My life took a turn at 15 when I spent a summer in Manning Park, working as a member of the Youth Crew, building trails, fighting fires, maintaining the campgrounds. Splitting firewood in the sun, with room and board and three dollars a day the only financial reward, taught me that work is not about money; it's about pride, strength, perseverance and grit, values that would forge the foundation of my professional life. Altogether, I worked eight seasons for BC Parks, culminating in a much coveted position as the first park ranger in the Spatsizi Plateau, British Columbia's largest wilderness park. My job description was deliciously vague; public relations and wilderness assessment. In two four month seasons my partner and I encountered not a dozen visitors, leaving us free to wander, as we mapped the trails, surveyed the wildlife, ran the rivers, and established routes up all the major peaks. This prolonged apprenticeship with the Parks, all that I learned in E.C. Manning and Naikoon, Mount Assiniboine, Atlin Mountain, Mount Edziza, and Spatsizi Plateau, left me with both a deep appreciation of nature, and a profound sense of belonging, a spirit of place that is the essence of Canadian patriotism. In good measure, I owe my life and career to BC Parks.

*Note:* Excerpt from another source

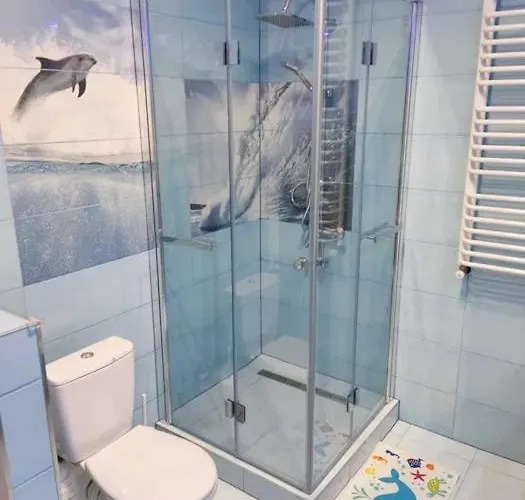 Apartment W Stegnie Nad Morzem Na 10 Osob. Sauna. Duzy Salon. Kominek. Stegna (Pomerania)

Surely the opportunities that I had in my youth, the chance to unburden an adolescent mind and reward the body with hard physical work, to experience for the first time the true miracle of nature, to seek the promise of transformation, even transcendence, as found only in the wild heart of the world, ought to be part of the birthright of every new generation of British Columbians.
My family did not have very many luxuries. Growing up as a child in East Vancouver, our weekend family time was exploring the numerous parks to the north and east of Vancouver. Free access to parks was essential for my parents to entertain and educate my sister and me. I love our parks to this day.
Dr. Sally Otto
From Ruckle Provincial Park in the Garry oak ecosystem to the glacier-fed lakes of Mount Assiniboine, the parks of British Columbia are truly majestic. Camping in these parks allows families, like mine, to experience nature directly and to pass along to our children a love of wildlife. The parks are also a critical refuge for the most endangered animals and plants. BC is home to the most species diversity of any province in Canada but also home to the most species at risk. Without well managed parks, we are likely to lose dozens, if not hundreds, of the animal and plant species that make BC so special.
I was born in Port Alberni and grew up on Vancouver Island. That was the era when family vacations meant packing the camping gear into the trunk of the Buick and heading off down one BC's brand new highways. It was pure exploration and discovery - the Cariboo, the Slocan Valley, the Big Bend highway, the Chilcotin - exploring the wonders of the province by day, and pulling in for the night at a BC Parks campground. Those experiences kindled my love of exploration and new vistas, which took me around the world as a scientist (biology PhD) then later as a technology entrepreneur. I founded the BC-based Tula Foundation in 2002 and set up Tula’s Hakai Institute in 2010. Hakai develops the tools, systems, people and insights we need to understand our coastal ecosystems in the context of climate change, and to deal with the consequences that are coming. We operate field stations at remote locations on the BC coast. We have our own scientific staff plus a large network that includes university researchers, government scientists and First Nations. For the past eight years we have enjoyed a very close and productive partnership with BC Parks via our Calvert Island field station, which is located in the heart of the Great Bear Rainforest.
BC's parks are magnificent places where we can leave the noise and hurry of life behind and be renewed. They are where we experience what is truly beautiful and where we can cultivate wellbeing, resilience and vitality.”